Use this file to discover all available pages before exploring further.

ModelConfig

architecture
str
required
Model architecture specification. Supports major dense and MoE Hugging Face architectures including Qwen, LLaMA, Gemma.
init_method
str
default:"normal"
Weight initialization strategy:
  • "none": Load from pre-trained model (Qwen/LLaMA/Gemma)
  • "normal": Normal distribution initialization
  • "xavier_uniform": Xavier uniform initialization
  • "wang_init": Wang initialization method
model_path
str | None
default:"None"
Path to pre-trained model for continual training. Must be None if init_method is not "none".
load_optimizer
bool | None
default:"None"
Whether to load optimizer state from checkpoint.

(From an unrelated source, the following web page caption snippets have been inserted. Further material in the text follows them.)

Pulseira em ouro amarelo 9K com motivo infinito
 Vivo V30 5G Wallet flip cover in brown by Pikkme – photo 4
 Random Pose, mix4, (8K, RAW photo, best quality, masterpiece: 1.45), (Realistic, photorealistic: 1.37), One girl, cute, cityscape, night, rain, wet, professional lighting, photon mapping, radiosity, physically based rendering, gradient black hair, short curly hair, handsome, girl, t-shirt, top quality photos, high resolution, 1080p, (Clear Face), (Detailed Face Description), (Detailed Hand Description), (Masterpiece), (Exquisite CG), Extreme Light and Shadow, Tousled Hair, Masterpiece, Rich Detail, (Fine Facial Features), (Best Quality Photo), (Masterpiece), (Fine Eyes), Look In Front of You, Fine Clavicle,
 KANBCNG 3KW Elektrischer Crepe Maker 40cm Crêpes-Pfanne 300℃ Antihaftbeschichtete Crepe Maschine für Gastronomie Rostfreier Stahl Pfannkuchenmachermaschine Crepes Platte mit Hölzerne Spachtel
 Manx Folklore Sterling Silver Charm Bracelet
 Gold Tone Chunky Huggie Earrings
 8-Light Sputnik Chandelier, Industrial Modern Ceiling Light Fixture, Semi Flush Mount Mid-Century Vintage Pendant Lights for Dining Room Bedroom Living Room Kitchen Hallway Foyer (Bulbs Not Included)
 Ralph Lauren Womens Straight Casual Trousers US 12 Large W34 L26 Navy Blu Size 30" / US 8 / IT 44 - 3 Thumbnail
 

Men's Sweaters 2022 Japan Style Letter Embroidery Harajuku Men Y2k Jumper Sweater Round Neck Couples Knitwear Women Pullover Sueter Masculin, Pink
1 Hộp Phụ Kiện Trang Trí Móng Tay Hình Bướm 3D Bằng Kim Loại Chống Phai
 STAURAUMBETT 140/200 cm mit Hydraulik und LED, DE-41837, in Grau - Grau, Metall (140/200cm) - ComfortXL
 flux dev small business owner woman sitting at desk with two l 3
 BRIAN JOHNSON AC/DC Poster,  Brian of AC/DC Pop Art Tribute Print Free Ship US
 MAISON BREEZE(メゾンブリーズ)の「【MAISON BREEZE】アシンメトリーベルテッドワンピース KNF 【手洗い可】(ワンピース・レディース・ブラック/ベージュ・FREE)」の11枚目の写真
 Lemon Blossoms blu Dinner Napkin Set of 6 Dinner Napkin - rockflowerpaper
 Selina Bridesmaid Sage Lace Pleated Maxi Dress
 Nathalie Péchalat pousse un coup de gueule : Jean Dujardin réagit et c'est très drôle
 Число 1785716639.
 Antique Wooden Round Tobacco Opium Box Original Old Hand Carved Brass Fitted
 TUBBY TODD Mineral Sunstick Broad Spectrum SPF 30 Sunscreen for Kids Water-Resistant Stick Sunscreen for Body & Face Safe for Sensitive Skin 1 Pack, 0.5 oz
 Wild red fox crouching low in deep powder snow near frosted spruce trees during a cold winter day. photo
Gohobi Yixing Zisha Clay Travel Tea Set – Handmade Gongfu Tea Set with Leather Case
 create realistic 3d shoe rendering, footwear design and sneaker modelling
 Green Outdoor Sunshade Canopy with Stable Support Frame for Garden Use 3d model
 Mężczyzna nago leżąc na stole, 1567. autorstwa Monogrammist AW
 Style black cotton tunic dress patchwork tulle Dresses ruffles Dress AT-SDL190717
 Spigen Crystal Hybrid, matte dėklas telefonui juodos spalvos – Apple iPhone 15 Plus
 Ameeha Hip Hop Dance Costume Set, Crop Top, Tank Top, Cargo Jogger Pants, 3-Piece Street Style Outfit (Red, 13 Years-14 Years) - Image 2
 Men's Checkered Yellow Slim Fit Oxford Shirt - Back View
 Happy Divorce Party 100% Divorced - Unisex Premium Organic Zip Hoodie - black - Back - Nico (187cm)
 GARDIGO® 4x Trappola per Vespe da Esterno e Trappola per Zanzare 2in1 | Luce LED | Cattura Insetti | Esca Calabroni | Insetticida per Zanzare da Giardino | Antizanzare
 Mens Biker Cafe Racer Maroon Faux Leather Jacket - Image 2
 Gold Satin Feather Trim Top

Set to True for continual training from checkpoint.
precision
str
default:"fp16"
Model precision configuration:
  • "binary": Binary precision (1-bit)
  • "ternary": Ternary precision (1.58-bit)
  • "int2": 2-bit integer precision
  • "fp8": 8-bit floating point
  • "mxfp4": 4-bit microscaling floating point
  • "mxfp6": 6-bit microscaling floating point
  • "ue8m0": 8-bit unsigned integer with 0 exponent bits
  • "fp16": 16-bit floating point (default)
  • "fp32": 32-bit floating point